Talvez levasse a mesma coisa que qualquer pessoa comum nessa situação: algumas roupas, cobertor, documentos, fotos, ou seja, coisas de extrema necessidade. Mas estou certo de que me conheço muito bem e talvez não daria importância a roupas ou documentos, e sim a prioridade seria salvar minha obra de arte, seria a primeira coisa em que iria pensar. Minhas centenas de composições e escritos com certeza seriam parte deste salvamento. E o que dizer daquele meu livro quase bicentenário que pertenceu ao meu bisavô e tataravô?
Ai meu Deus! Como pude me esquecer! A minha coleção de flautas doce e minha flauta de prata que me custaram muitas horas aulas, como poderia deixá-las.

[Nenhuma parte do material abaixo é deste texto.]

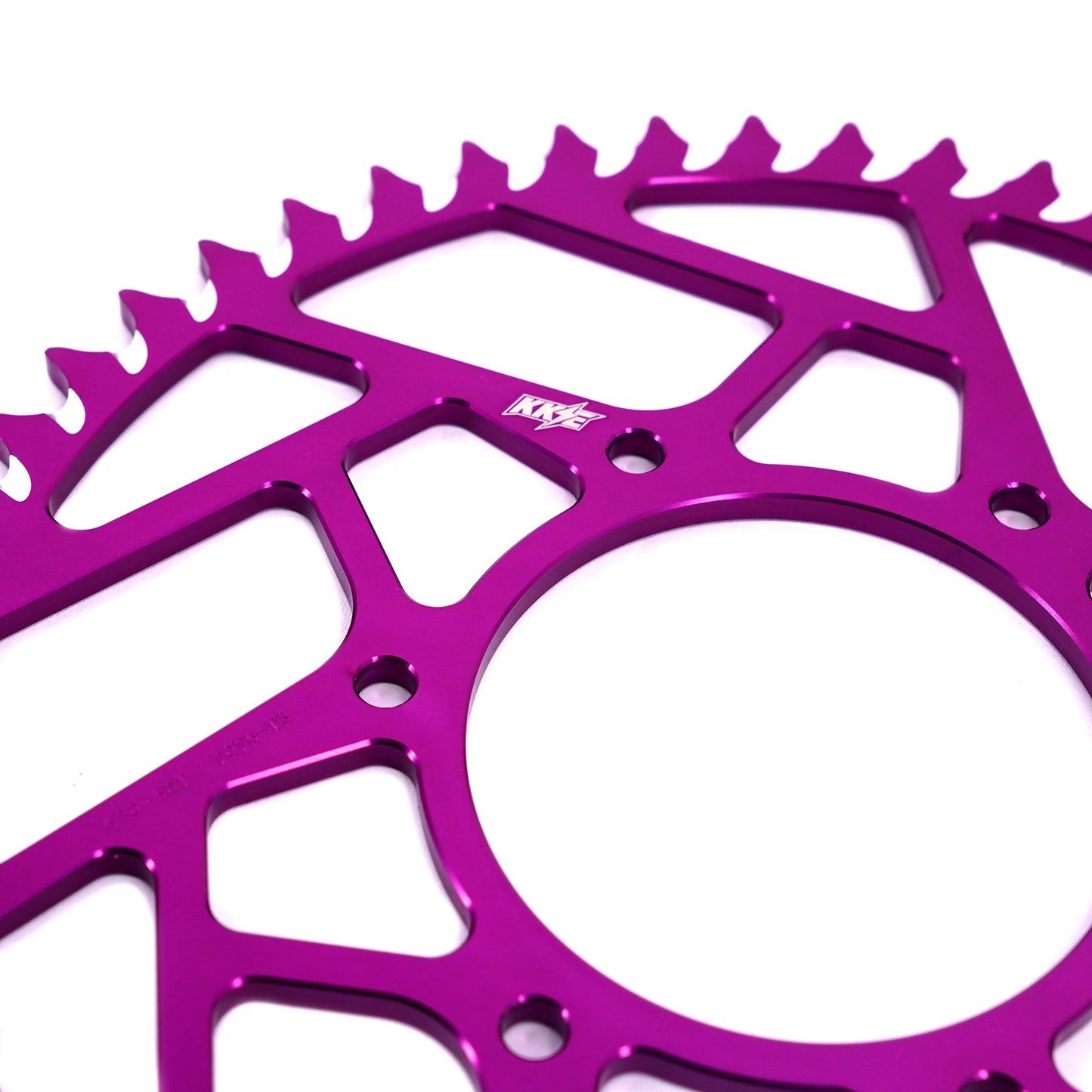 KKE 60T Sprocket, Surron, Segway, Talaria, Rawrr Mantis, E-Ride Pro (Multiple Colors)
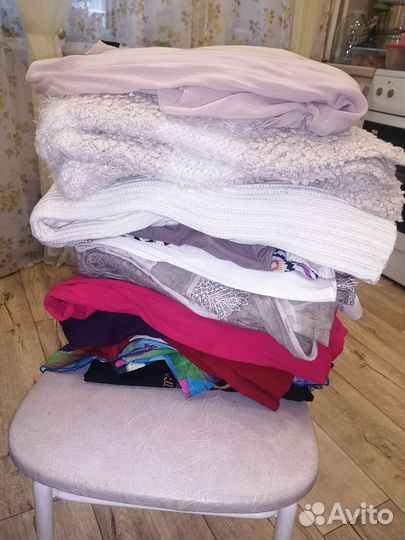 Вещи 2 пакета 52-54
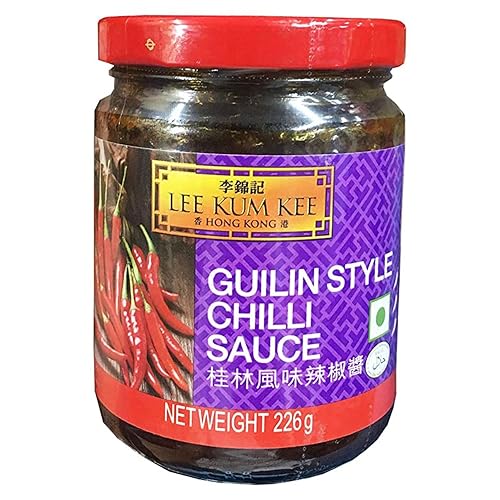 Lee Kum Kee Salsa de chile Guilin 8 onzas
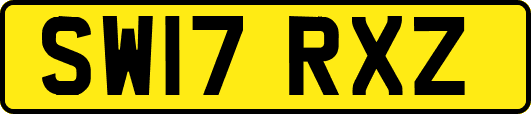 SW17RXZ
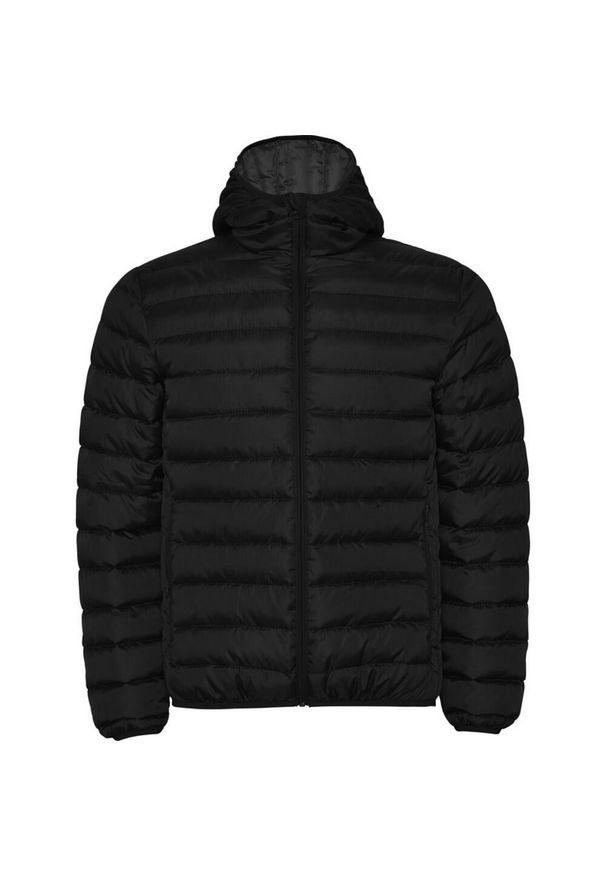 ROLY - Kurtka Ocieplana Dziecięca Norway. Kolor: czarny. Materiał: puch. Styl: sportowy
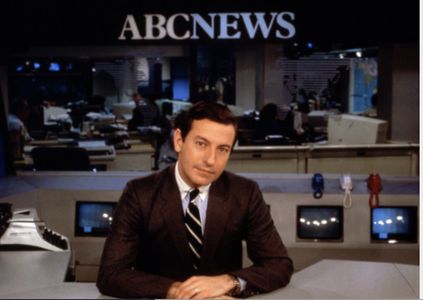 Anchoring ABC Newsbreak 1987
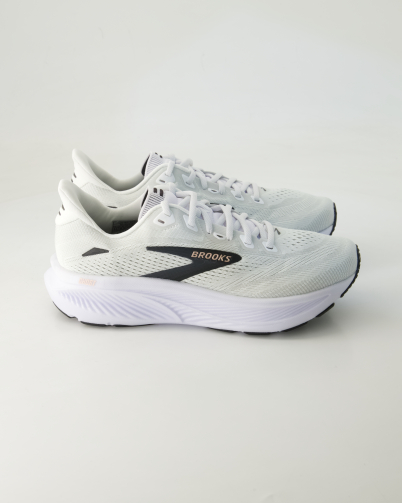 Brooks Ghost 18 Laufschuhe in Weiß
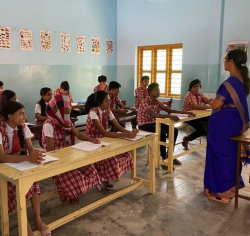 Santhi Vidyalaya Galley Image 3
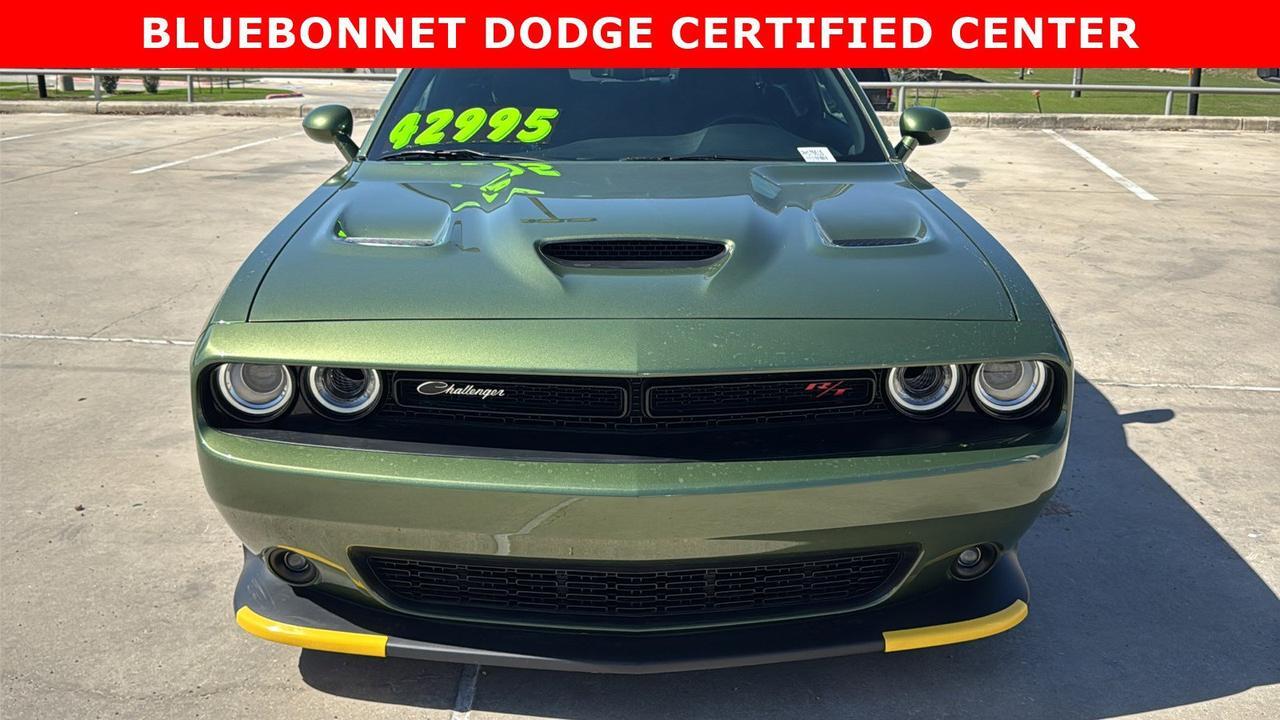 2022 Dodge Challenger R/T Scat Pack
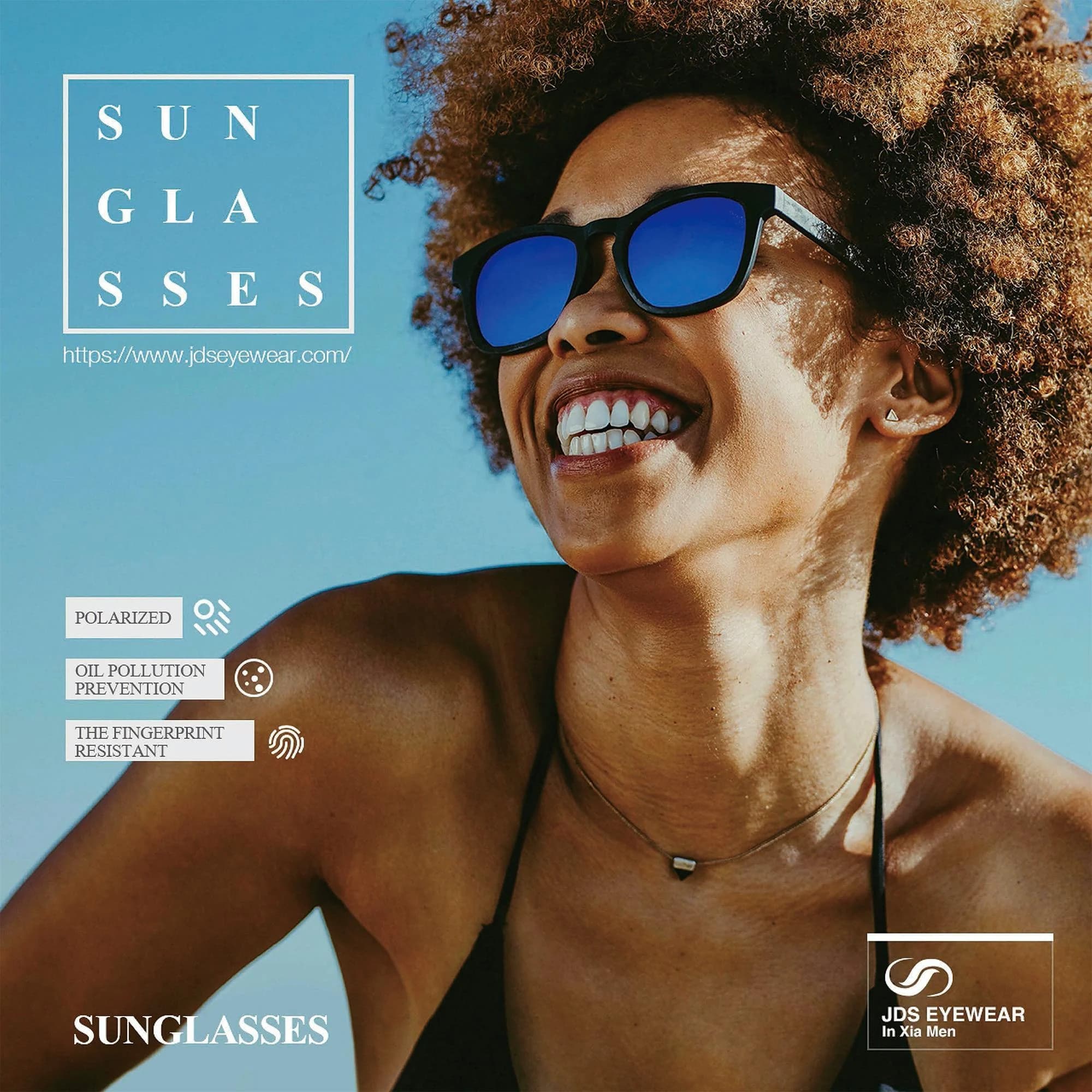 LONGYI sports eyewear collection and color options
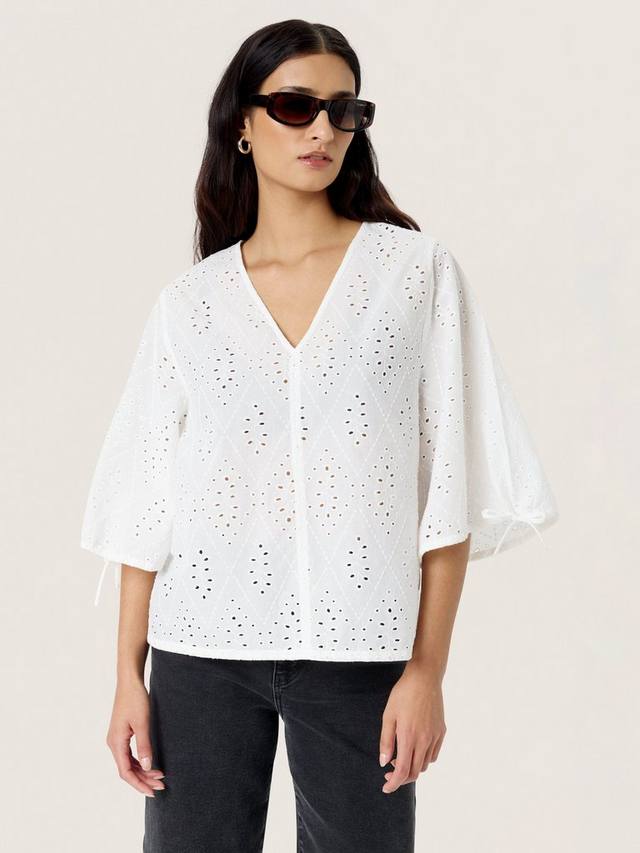 Хлопковая блузка Joella Soaked In Luxury
Хлопковая блузка Joella Soaked In Luxury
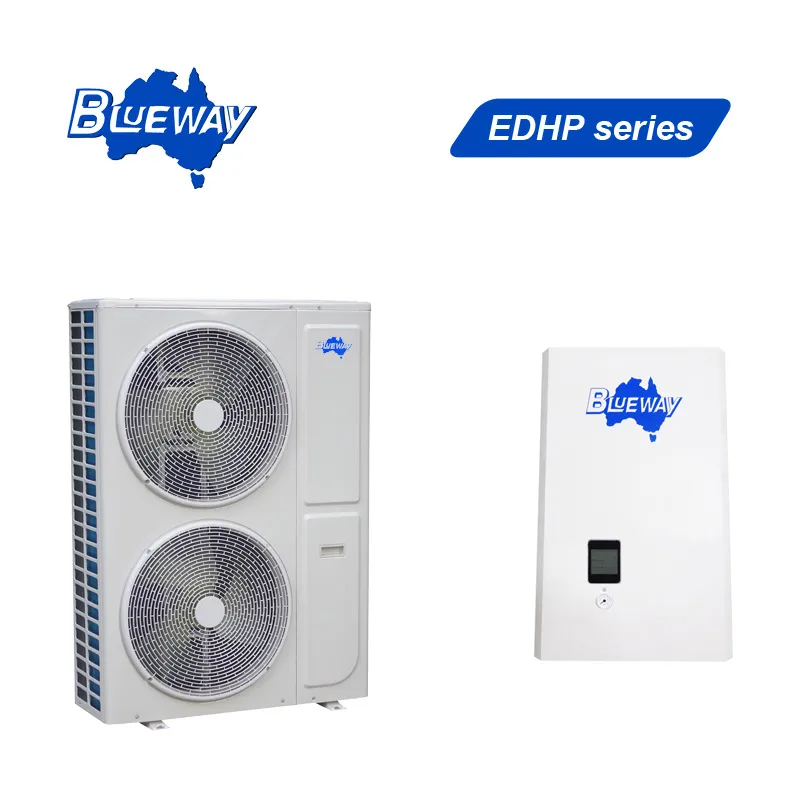 Function of DC Inverter Heat Pump
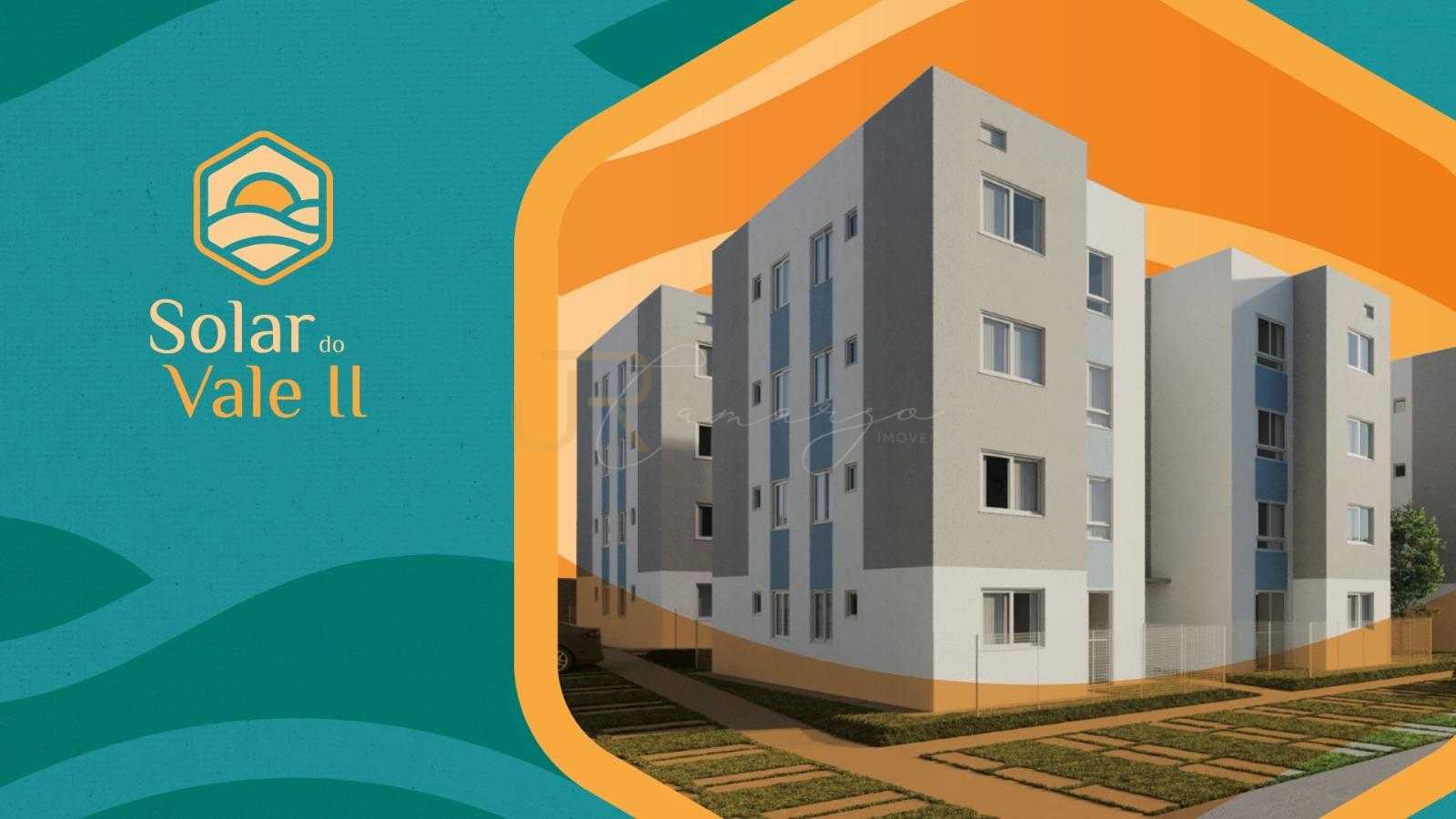 Apartamento para Venda FAZENDA RIO GRANDE - PR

Com certeza me conheço mesmo! Não salvaria mesmo sequer um par de meias e nenhum destes pertences, inúteis para mim nesta hora, só salvaria a arte.
Falta alguma coisa? Sim.
Levaria ainda a eterna saudade do velho casarão da família,
Único do gênero,
Moldado pelo esforço de papai,
Tijolo por tijolo,
Conquista por conquista.
Levaria a nostalgia daquelas noites quentes na varanda,
A lembrança da infância,
Das fogueiras de São João,
Da pitangueira, do fogão de lenha,
Do poço e da bomba d’água,
Do sotão mal-assombrado,
Do cheiro do jardim de mamãe...
Tudo isso, com certeza, levaria na poesia dos meus versos, mas o duro seria levar tudo ao esquecimento.